Jan. 9, 2012 at 10:21 AM ET
Cue the world's smallest violin? Ahead of fourth-quarter earnings reports from major banks, compensation at 34 big financial firms in 2011 is projected to plummet. Some Goldman Sachs traders could lose up to 60 percent of their pay and will get no bonuses, and the average pay at Goldman Sachs will fall to $385,000 from an average $431,000 in 2010, according to the The Wall Street Journal Monday. By contrast, a report by Sentier Research last fall found that U.S. median household income in June of last year was $49,909, down from $55,309 at the end of 2007.
Banks' earnings were crimped for several reasons: The stock market fluctuated wildly, fewer IPOs were filed and companies had less demand for banks' high-priced consulting skills. The financial industry also tends to lay the blame at the feet of increased regulations for banks, such as limits on consumer banking fees. Still, the amount of money banks set aside for compensation has inched up over the past couple of years and now stands at 36 percent of revenue.
While bonuses have traditionally made up the bulk of banking's most eye-popping pay levels, some banks have changed their pay structures to focus more on salary than bonuses. Bonus-based compensation could motivate some employees to take on potentially damaging risks because it prompts them to focus on their own rewards rather than the health of the firm or the financial system overall, say some industry observers such as Nassim Nicholas Taleb, author of "The Black Swan: The Impact of the Highly Improbable.”

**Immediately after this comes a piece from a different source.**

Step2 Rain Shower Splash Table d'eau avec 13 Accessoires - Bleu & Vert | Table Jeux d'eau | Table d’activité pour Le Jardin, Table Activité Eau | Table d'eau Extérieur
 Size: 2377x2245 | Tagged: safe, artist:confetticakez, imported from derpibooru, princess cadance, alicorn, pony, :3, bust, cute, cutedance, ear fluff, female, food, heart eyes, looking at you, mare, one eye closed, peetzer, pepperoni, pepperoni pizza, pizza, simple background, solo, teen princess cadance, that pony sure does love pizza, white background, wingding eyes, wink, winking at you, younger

The drop in compensation for 2011 is expected to be so drastic that it's likely some mid-level bank employees will wind up taking home more than the executives to whom they answer, the result of a compensation structure in which top-level workers earn much of their income via bonuses. Banking industry analysts say financial firms might have to adjust to this "new normal" in which the outsized compensation of the mid 2000s is a thing of the past. Some banks are also adjusting by giving out bonuses in stock instead of cash, which could benefit today's recipients in the future. Bank stocks struggled last year, but if the financial sector recovers and share prices increase, those bonuses could be worth more.